Here’s what Steve conveys to management. 

 

“If, for example, you had a little conference room with three supervisors, your number one job is to help those who work for you to be more successful. So, let’s think about how we can make them more successful. What do they need?”

 

  • They need to know the parameters of their processes and their standard operating procedures. They need to understand why completing paperwork before they leave a service call is so important to the people back at the office. That regardless how much of a rush they might be in, they have to make the time to be 100% complete. 
  • We also want to make templates for employees. Let them see what a 100% completed service invoice looks like. After you finish installing an evaporator coil, how do you write it up? The part number, the serial number, the date code, how it’s supposed to look. When we create templates, when we create processes and flow charts, you start to help people to be more successful. Because now it’s not in your head. Now it’s written down. Now it’s not vapor, and we can improve that. And operations manuals don’t have to be exhaustive.  It could be five to 10 pages.

 

Ask yourself this: “How can we make everyone that works here more successful?”  On a recent Dave Ramsey podcast, he talked about the culture in his company.
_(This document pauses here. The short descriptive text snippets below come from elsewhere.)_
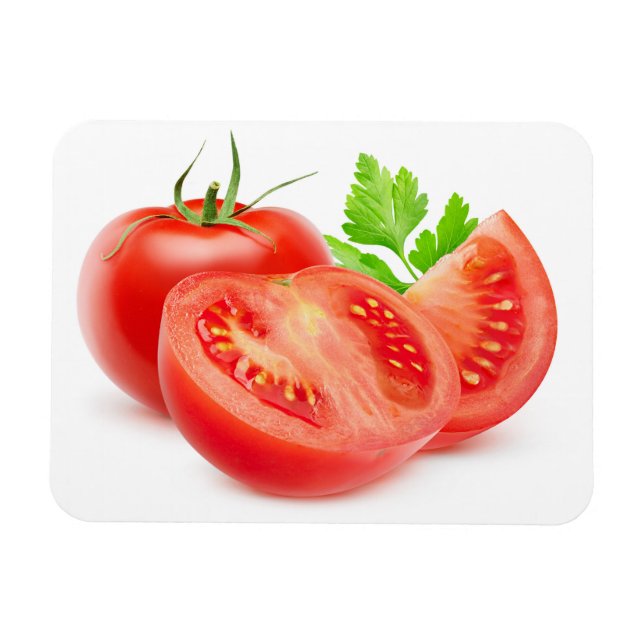 Cut tomatoes magnet (Horizontal)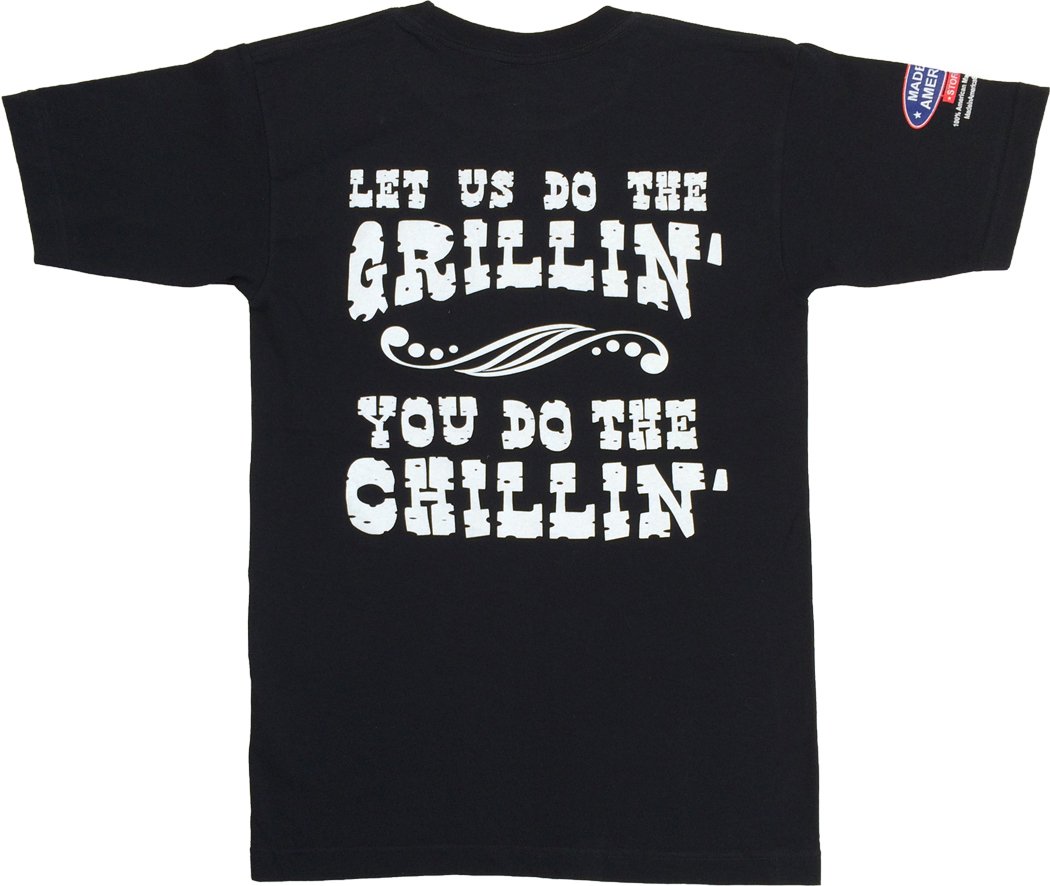Made in USA Men's Dale's Rollin Smoke BBQ T-Shirt - Comfortable Cotton Tee for Grilling, Barbecue Parties & Casual Wear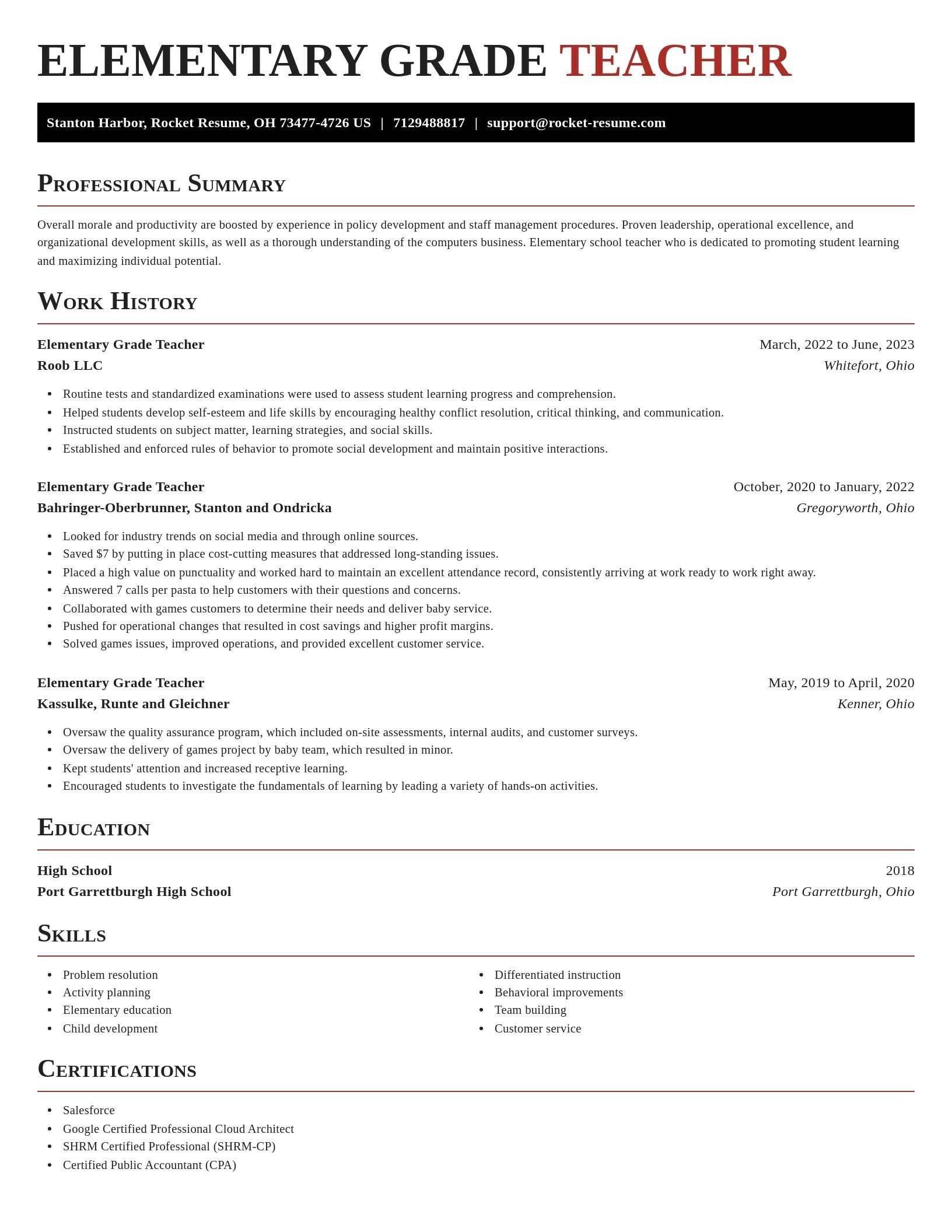 Exquisite resume template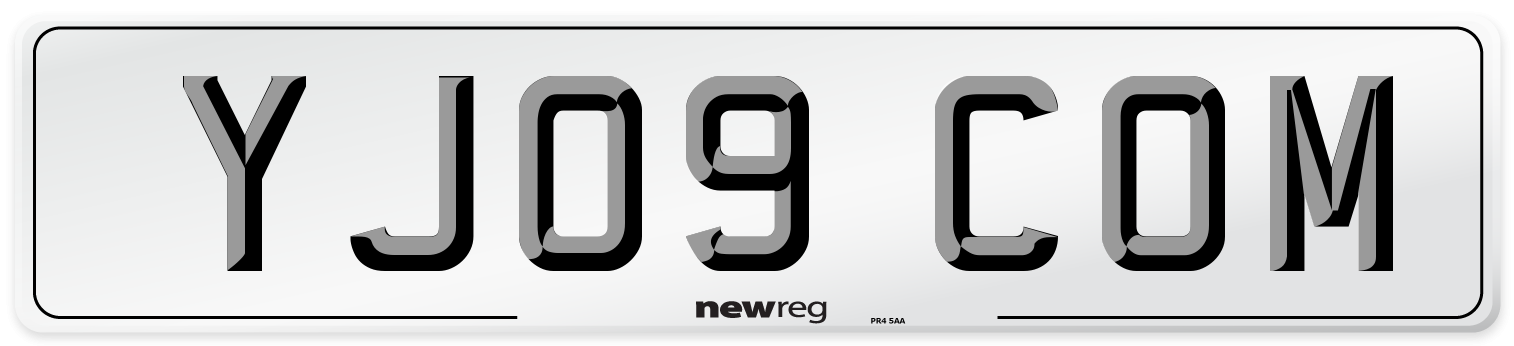 YJ09 COM Number Plate from New Reg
And he said “In our company, we’re French.  Oui, oui, oui.  We, we, we are excellent. We do things this way. We do things that way. And when new employees are introduced to their culture, they have 90 days to learn. The process is in the systems. But after that 90 days, they have to be French, too. And so it’s everybody’s job in the organization to continue to enforce excellence. And to be the example of the leadership, that we do things this way, we do things that way. And that way, they can remind one another on the team of their culture of “we.”

 

How did Steve fall in love with customer service?

 

“It happened back in the 1980s when the light bulb went off, and the light bulb was when I learned that the truth is non-negotiable.”

 

You’re better to disappoint people with the truth than to satisfy them with a lie. 

 

Obviously, that sounds harsh, but perhaps you don’t have an item in stock. You’re going to have to disappoint someone with the truth, but you can still do it with finesse. Rather than say, “We don’t have the part, we can’t do that,” you add a little finesse. “Here’s what I can do. Here’s what I’ll do next.”  And you’re speaking action words. You’re saying what you’re going to do instead of what you can’t do or what you don’t have.

 

“The whole finesse part was interesting because as a younger person, when I understood that, I saw the response from customers. They were so much easier to serve. They were so much more cooperative, so much more patient.”

 

Why? Steve was making himself a little more likable, and any psychology professor would tell you that people who are likable do better in life. They get better jobs; they sell more. It’s just one of those things. So that was the light bulb where it started, that the truth is non-negotiable.